TASK INSTRUCTIONS | Among the records that follow, find the line with "Seafoam santa coffee" and the line with "Mode, Damen-Umhängetasche, Umhängetasche". Set down those lines and all lines between them exactly, without adding anything.
== PROVIDED RECORDS
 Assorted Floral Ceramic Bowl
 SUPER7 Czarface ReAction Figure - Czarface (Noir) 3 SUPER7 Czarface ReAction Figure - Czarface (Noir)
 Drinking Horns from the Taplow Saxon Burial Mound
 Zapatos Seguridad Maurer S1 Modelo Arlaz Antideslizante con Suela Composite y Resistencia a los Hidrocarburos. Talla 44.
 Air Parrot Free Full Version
====
== PROVIDED RECORDS
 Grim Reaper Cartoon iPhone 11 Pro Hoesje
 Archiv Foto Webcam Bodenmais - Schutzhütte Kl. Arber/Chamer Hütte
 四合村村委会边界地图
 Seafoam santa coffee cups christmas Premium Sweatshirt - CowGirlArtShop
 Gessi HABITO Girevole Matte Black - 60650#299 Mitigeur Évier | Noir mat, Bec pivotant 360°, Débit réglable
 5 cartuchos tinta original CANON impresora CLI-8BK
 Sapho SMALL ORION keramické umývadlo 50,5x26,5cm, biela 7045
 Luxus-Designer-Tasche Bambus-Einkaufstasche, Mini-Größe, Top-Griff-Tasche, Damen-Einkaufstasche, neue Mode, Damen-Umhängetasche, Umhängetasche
====
== PROVIDED RECORDS
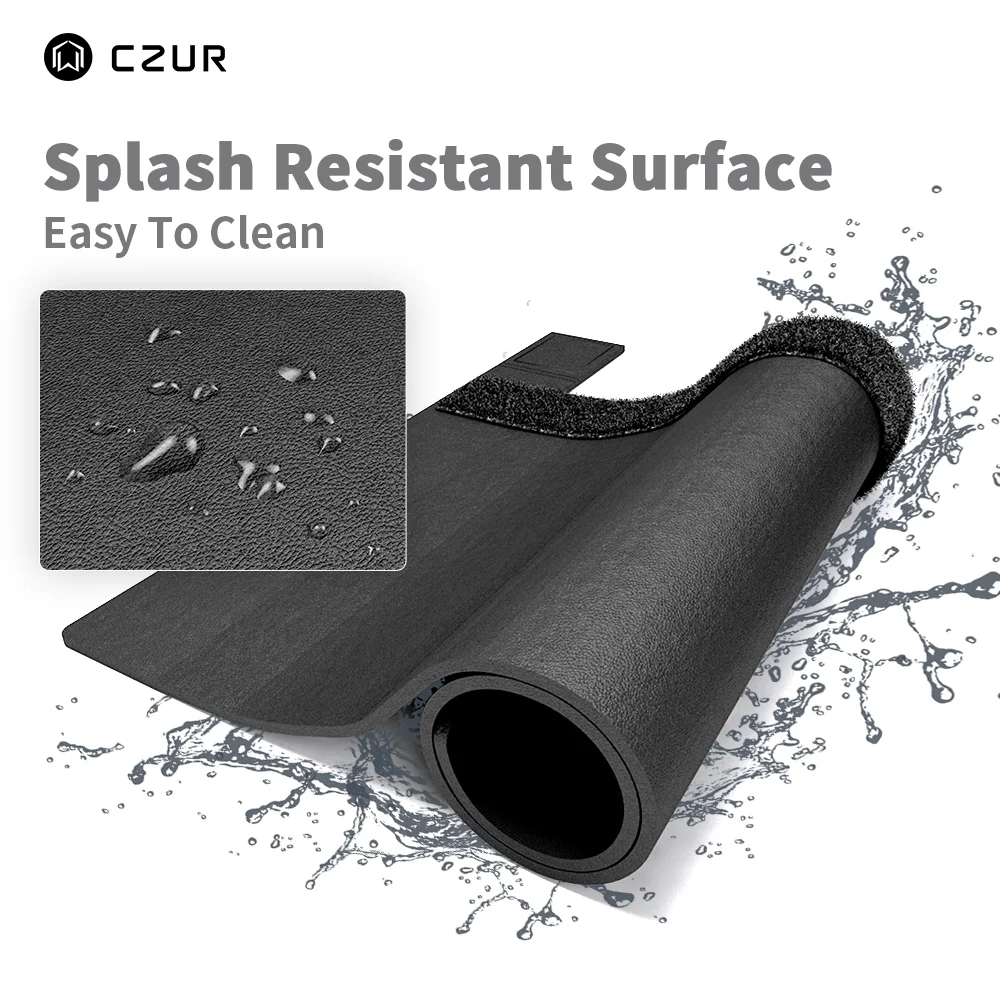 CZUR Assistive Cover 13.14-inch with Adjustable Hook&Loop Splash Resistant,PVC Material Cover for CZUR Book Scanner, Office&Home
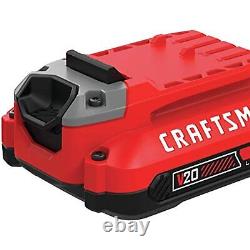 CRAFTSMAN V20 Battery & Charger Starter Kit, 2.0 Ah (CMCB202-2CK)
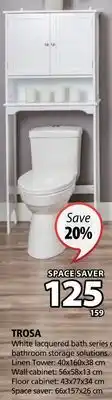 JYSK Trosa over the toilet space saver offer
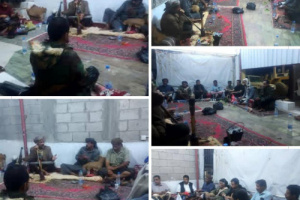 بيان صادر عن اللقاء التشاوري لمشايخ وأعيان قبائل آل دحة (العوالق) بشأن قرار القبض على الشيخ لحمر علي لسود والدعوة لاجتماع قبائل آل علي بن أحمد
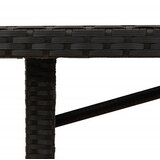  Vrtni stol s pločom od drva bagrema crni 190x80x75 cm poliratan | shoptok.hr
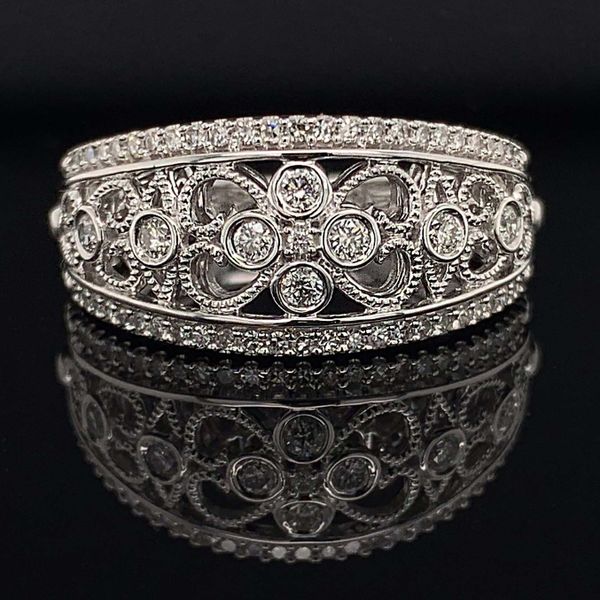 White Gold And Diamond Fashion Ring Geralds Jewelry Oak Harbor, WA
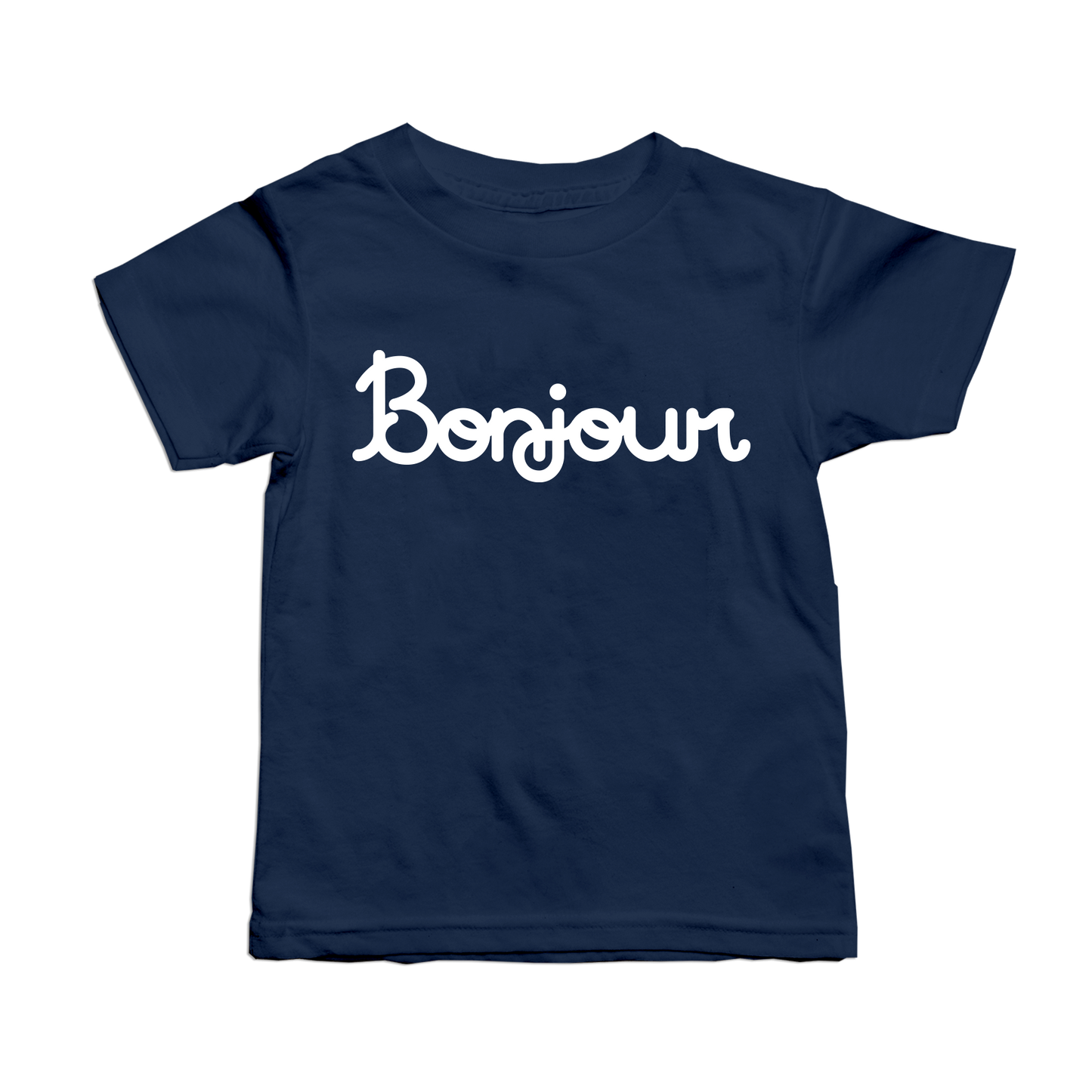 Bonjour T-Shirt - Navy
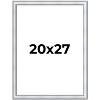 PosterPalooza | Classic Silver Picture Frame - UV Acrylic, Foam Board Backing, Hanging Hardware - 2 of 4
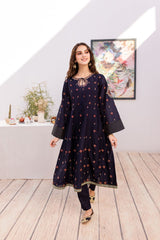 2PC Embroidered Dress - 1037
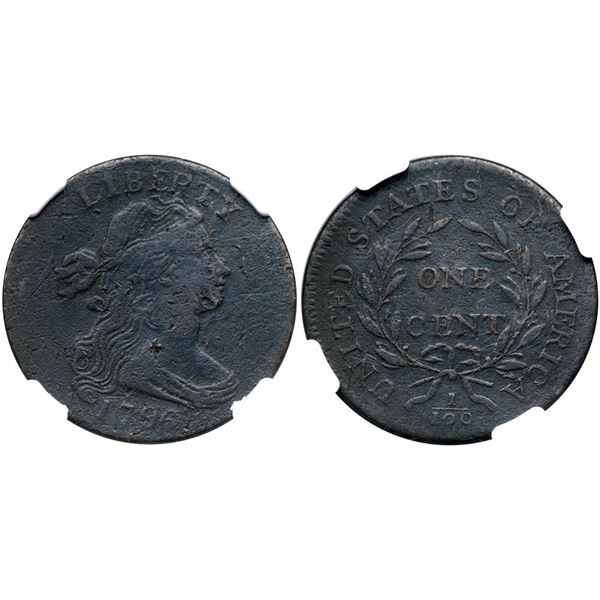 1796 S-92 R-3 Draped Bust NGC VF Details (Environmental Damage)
====
RESULT OF THIS TASK |
 Seafoam santa coffee cups christmas Premium Sweatshirt - CowGirlArtShop
 Gessi HABITO Girevole Matte Black - 60650#299 Mitigeur Évier | Noir mat, Bec pivotant 360°, Débit réglable
 5 cartuchos tinta original CANON impresora CLI-8BK
 Sapho SMALL ORION keramické umývadlo 50,5x26,5cm, biela 7045
 Luxus-Designer-Tasche Bambus-Einkaufstasche, Mini-Größe, Top-Griff-Tasche, Damen-Einkaufstasche, neue Mode, Damen-Umhängetasche, Umhängetasche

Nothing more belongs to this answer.